I gasped desperately for air as the panic set it. My lungs felt as if they were being crushed. It was like I was drowning in air, like my lungs were incapable of working. I was still dizzy from the alcohol as I stumbled out of the house knocking over a chair on my way out. Once outside I ran as fast I could trying to get away from the hurt I was feeling. I wanted desperately to forget what I saw, but there was no escape. Nowhere to run and nowhere to hide, I was like an open wound and the gash was too big to close. I felt like I was slowly bleeding out but would never die. All these emotions and feeling came rushing in as I tried desperately to make sense of what I just witnessed.
I had just caught my best friend making out with the guy I have been in love with since the 4th grade. The one person I was supposed to be able to trust with my life, but yet there she was all over Aiden and he was all over her. When I first walked in on them my body couldn’t process what I was seeing. I just froze and couldn’t move it was like I forgotten how. Then it all hit me and it was like no other pain I had felt before. It was soul crushing and heart breaking. You could see why at this point I was desperately hoping what I saw wasn’t real, that I was just seeing things. But in all honesty I knew it was true. That what I saw wasn’t just my imagination and that all the trust and love that I had for my best friend was truly gone. She has hurt me far worse than any boy ever could.
10/14/15, 4:00pm -
It’s been two months since that accident and I yet the pain hasn’t stopped. I feel like I have no one and nothing to hold onto. I want desperately to fix things with Sydney because she was my best friend and I feel like its almost impossible to live without her but lately its as if she has changed. She isn’t the same Sydney that I knew, it’s like a switch flipped inside her brain. She has found new friends, more like groupies, and they follow her around everywhere. They help her torture me with snide comments like “fat bitch” or “do the world a favor ad jump off a bridge.” That wasn’t even the worst of it. Sydney flaunts Aiden in front of me daily and every time I see them together its like another piece of my heart falls apart from the rest. A piece of my soul I am unable to retrieve and every time a piece falls I lose more of myself. The more I feel like I’m living in a world all my own, fighting with my inner demons and slowly losing the battle.
I lay tired in my bed. I was always tired, tired of continually fighting these thoughts that made me feel like my own existence wasn’t but a burden on the people around me. The thoughts that made me feel as if nothing mattered because I was never going to get anywhere anyway. I just wanted the thoughts to go away. They made me feel so empty inside and all I wanted to do was be the same Allison I was 2 months ago before I caught my best friend with the guy I liked. I couldn’t take the thoughts anymore so I got up out of my bed grabbed my favorite grey coat and walked out the front door.
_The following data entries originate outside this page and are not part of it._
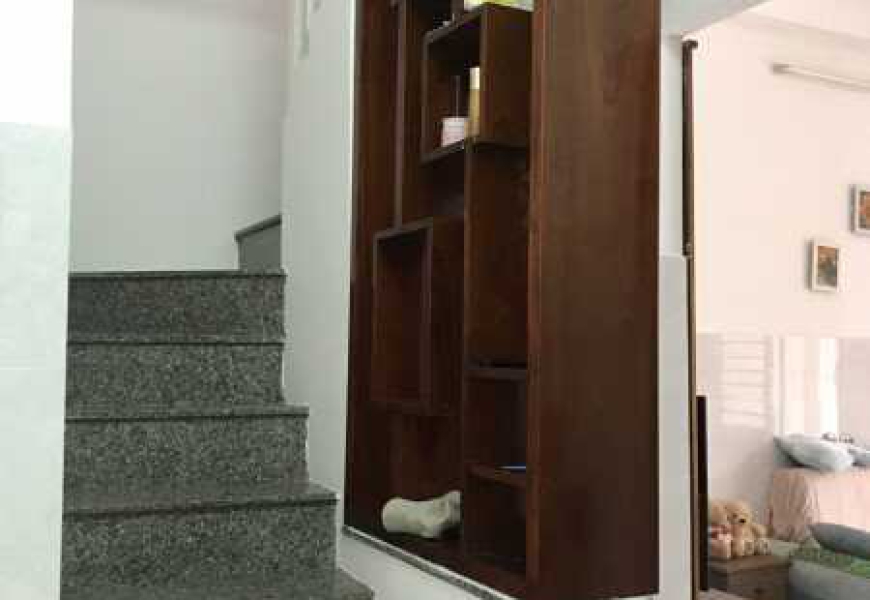 Bán nhà hẻm 167 Phạm Hữu Lầu, Quận 7 HCM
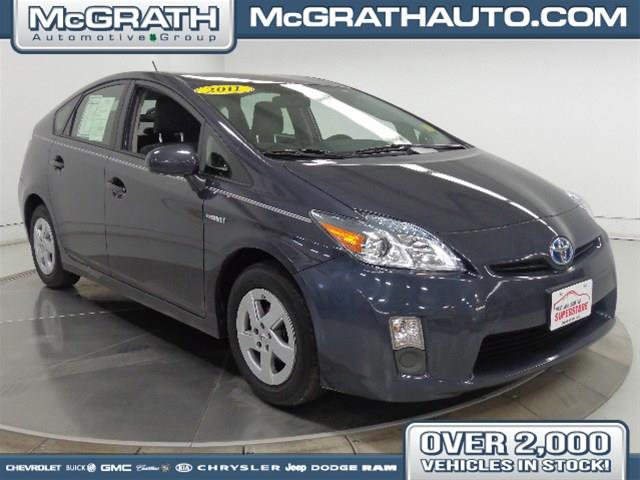2011 Toyota Prius LTZ 4x4 Nav DVD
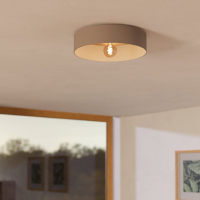 Eglo Plafondlamp E27 | Duaia | Taupe LEG00206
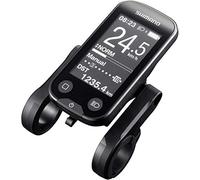 SHIMANO Computer Steps E6100 Ant+ Blue T Bicycle Accessories, Adult Unisex, Multicoloured, One Size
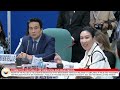 LIVESTREAM: Senate hearing on the policies of TV networks and artist management agencies... - Replay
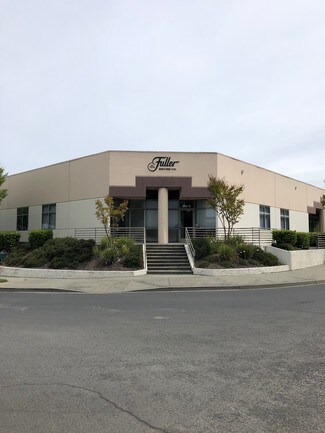 Plus de détails pour 860 Kaiser Rd, Napa, CA - Industriel/Logistique à vendre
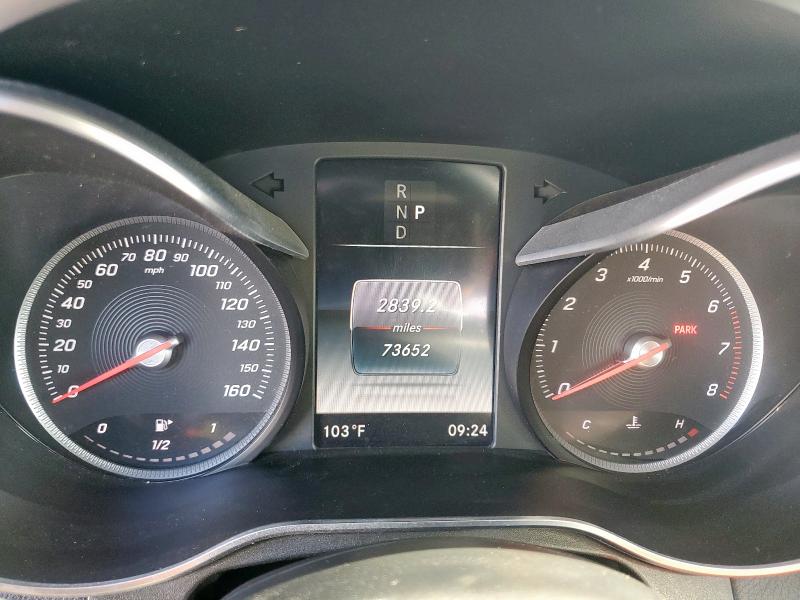 2019 MERCEDES-BENZ GLC 300 WDC0G4JB6KV147376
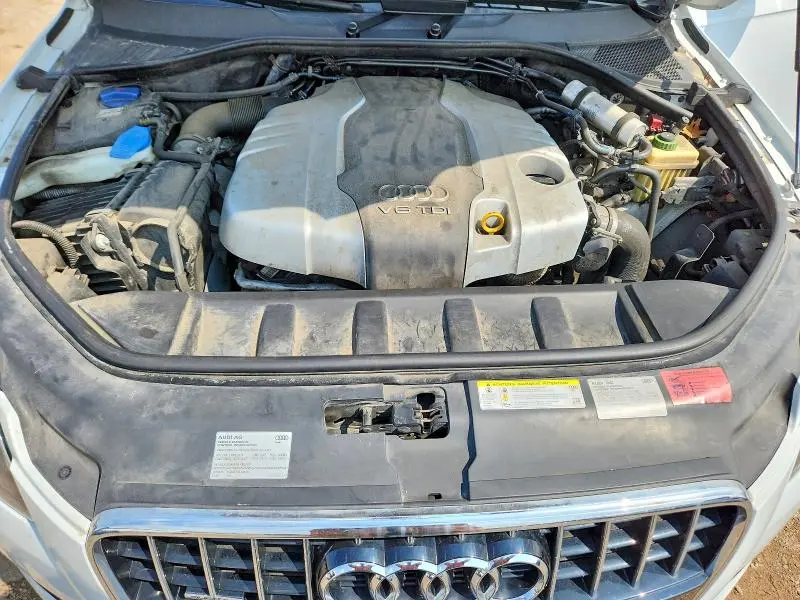 2014 AUDI Q7 PREMIUM PLUS  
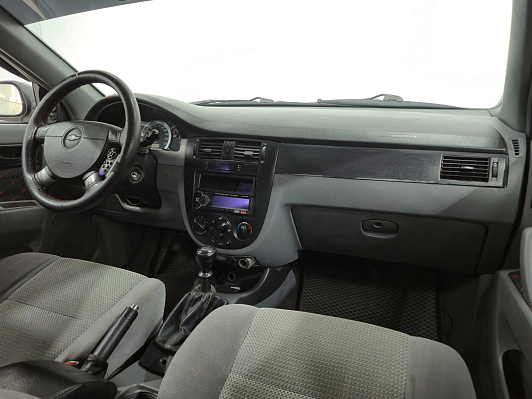 Chevrolet Lacetti Star, 2010 года, пробег 249958 км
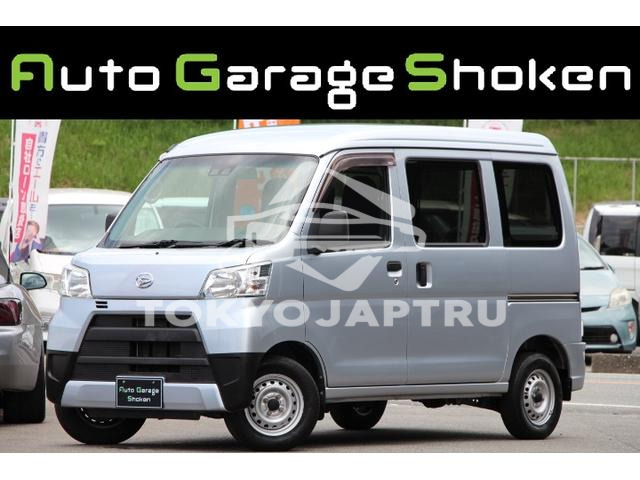 DAIHATSU HIJET CARGO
The night air was cool as it blew across my face stinging my cheeks. It was mid October and the air had the sent of fallen leaves and oak trees but there was something else. A scent that reminded me of bonfires and campout but that’s strange. No one has fires in town it’s a hazard. Then I saw it. The billowing smoke in the night sky right over the area where Sydney’s house has sat for years. I quickly picked up my pace until the panic set in and I found myself sprinting. The cold air stung my lungs but I kept going until it was in full view. I stopped abruptly as I took in the sight in front of me. The house was completely engulfed in flames. Outside where fire trucks, police cars and an ambulance. I could see Sydney’s parents hugging each other with tears falling down their cheeks but where was my best friend. My brain started jumping to all kinds of conclusions and I knew in that moment that I had to find her. I ran pushing through the crowd of people outside the burning house searching frantically for my best friend. Until I saw her, her body was laid out on a stretcher. Her skin charred and burned, she wasn’t moving. She just lay there limp and lifeless. I watched emotionlessly as they pulled a white blanket over her body, covering her face. I was still trying to figure out how I felt about this and how I should of reacted to seeing her like that when they pulled away in the ambulance but I couldn’t feel anything. I wanted to, trust me, I desperately wanted to feel like it hurt when she was gone but all I can remember from that moment were one string of words running through my head on repeat the words that still repeat in mind every time I think of the accident. If you play with fire, you’re going to get burned. Maybe these words where true from Sydney, maybe because of the things she did and the mistakes she made karma finally fought back and she felt the same burning hate physically as she made me feel emotionally.